Tenant Power Returns

In this series Shelterforce dives deep into the past, present, and future of tenant organizing. We take a closer look at the components of what many organizers call a tenants bill of rights and give you accessible ways to share them with others, plus lots more.

A tightly cropped black-and-white view of stone Ionic columns at the entrance to a courthouse. Words are carved on the lintel over the columns; visible in this photo are "and blessing."

Photo by Flickr user Riccardo Guerrini, CC BY-NC-SA 2.0

In 2019, the tenants at Stonehouse Square Apartments in northeast Minneapolis discovered that their housing was at risk. The owner intended to sell the complex, and the prospective buyer had no obligation to renew the complex’s Section 8 Project-Based Rental Assistance contract. Without the Section 8 contract in place, the new owner could eliminate the affordable rents at the complex, forcing many of the residents to move.

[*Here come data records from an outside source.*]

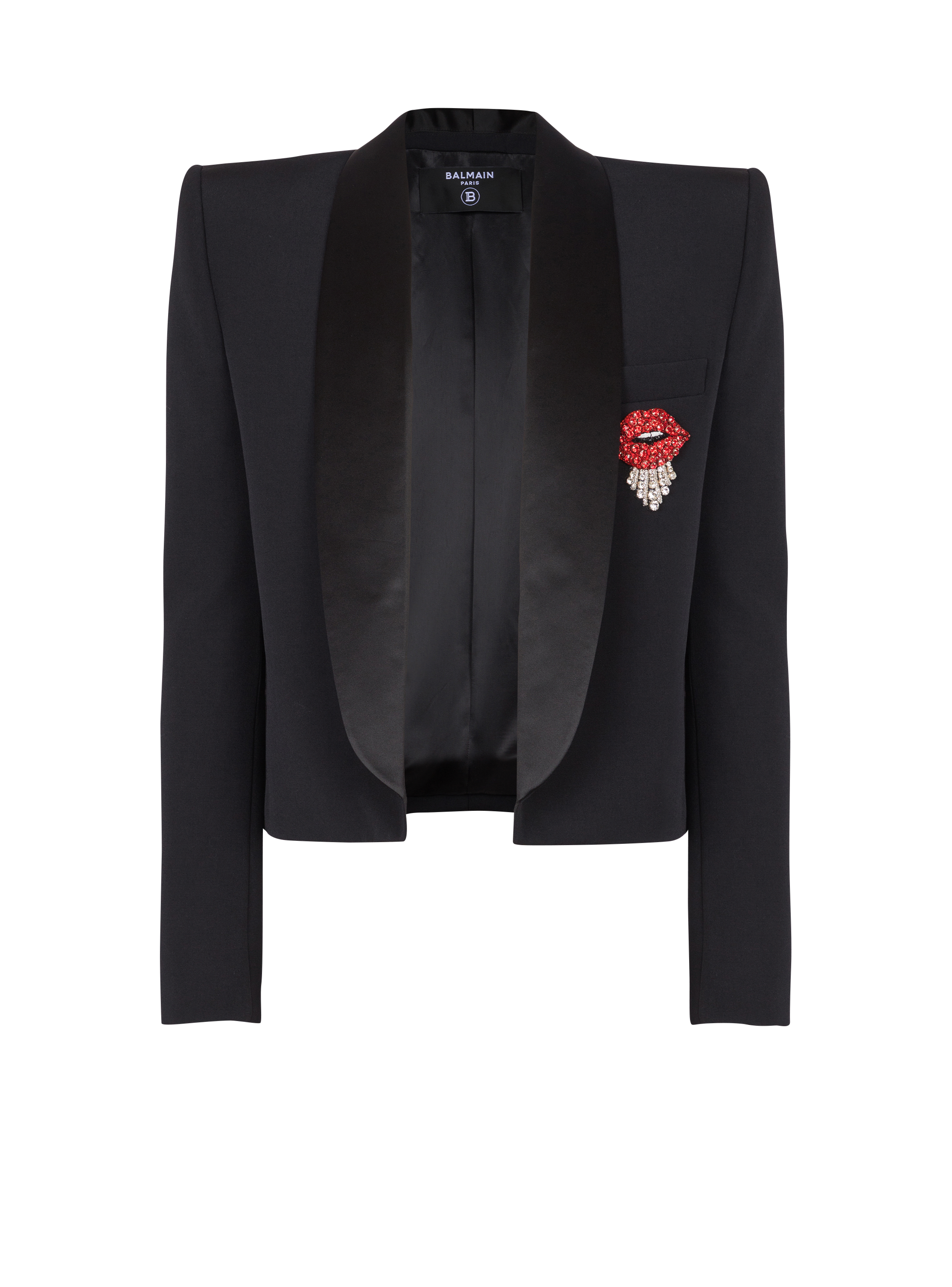 Balmain tuxedo blazer hotsell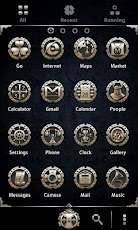 Alloy GOLauncherEX Theme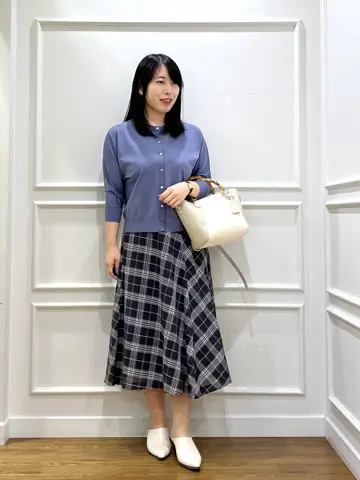 J.PRESS LADIES スタッフ コーディネート画像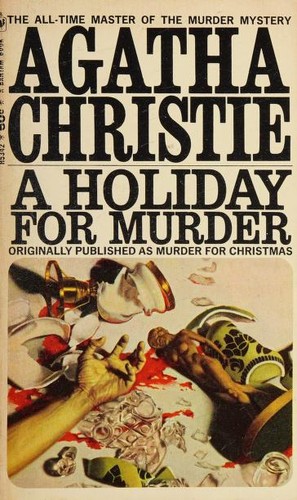 Agatha Christie: A Holiday for Murder (1969, Bantam Books)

When news of the owner’s plans spread to the tenants, they sprang into action, reaching out to the tenant advocacy organization HOME Line to help them organize. With the support of HOME Line, the residents put up flyers around the complex, knocked on neighbors’ doors, and formed a tenants’ association, the Stonehouse Square Apartments Tenants’ Association. While initial meetings with the building owner were discouraging, the tenants, working through their new tenants’ association, were eventually able to persuade the owner to sell the property to a nonprofit affordable housing provider committed to preserving the affordable rents at the property.

Across the country, the type of organizing that occurred at Stonehouse Square Apartments plays a critical role in increasing the power of tenants to resolve conflicts with their landlords. Tenants organize for a variety of reasons, from combating displacement pressures and landlord harassment to obtaining improvements to their buildings’ conditions. But wins from tenant organizing are often elusive when there are no legal protections for organizing in the first place.

The Law Matters

Although many factors shape the strength of organizing movements, the law matters in facilitating organizing—whether the organizing is by employees, tenants, or others facing significant power imbalances absent collective mobilization. 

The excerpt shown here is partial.